This is a very historically important camera because of three key design details invented by Samuel Turner:

- It was the first film camera to mount the spools in front of the film plane rather than behind, which makes the camera a third shorter than previous film cameras.
- It was the first to use “daylight” film rolls in which the film is backed by paper to protect it from light, and also to carry printed markings to show when the film was advanced to the correct position to take a new photo.
- It was the first to have a red window on the back to allow reading the exposure number printed on the paper backing.

George Eastman was very quick to recognize the value of those features and proceeded to license the patents to use in his own cameras. But by 1895 he realized that he would be financially better off to simply buy out the Boston Camera Mfg. Co. and take ownership of the patents and copyrights rather than paying royalties. Starting in late 1895 Kodak released their own version of Boston's Bulls-Eye.

Three versions of the original Boston Bulls-Eye were made: ebonite (an early thermoplastic), priced at $7; natural wood, also priced at $7; or leather-covered wood, priced at $8. This is the latter version. They were not big sellers and all are very hard to find today.

It used a 'to-and-fro' shutter assembly that was simpler than Kodak's earlier sector shutter, but not as well-designed as the Kodak rotary shutters which went into use by late 1895. The front of the shutter plate is marked with an arrow to indicate which direction to push the shutter lever.
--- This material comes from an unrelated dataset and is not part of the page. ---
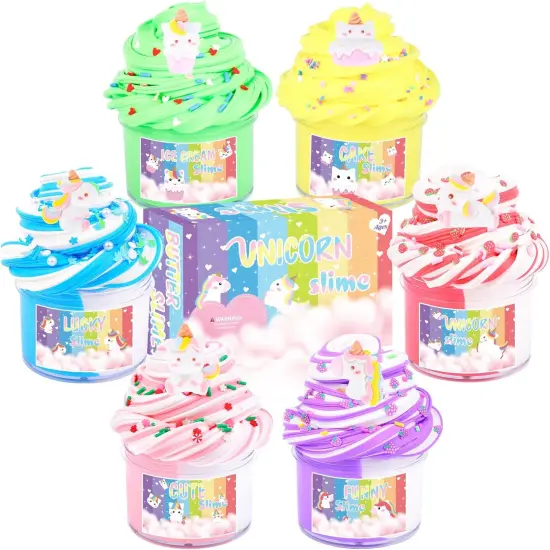 6 Pack Butter Slime Kit, with Unicorn Slime Add Ins, Soft Non-Sticky, Birthday Gifts for Kids, Classroom Rewards, Stress Relief Toy, DIY Butter Slime Party Favor for Girls & Boys {1}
The early Boston Bulls-Eye cameras had a D-shaped opening on the back for the red exposure window. This was later changed to round. The D shape was deliberate. The paper backing used by Boston Camera had a line printed below each exposure number. This could be lined up with the flat side of the window to ensure proper positioning of the film (the camera was expected to be turned sideways for convenience in turning the winding key.)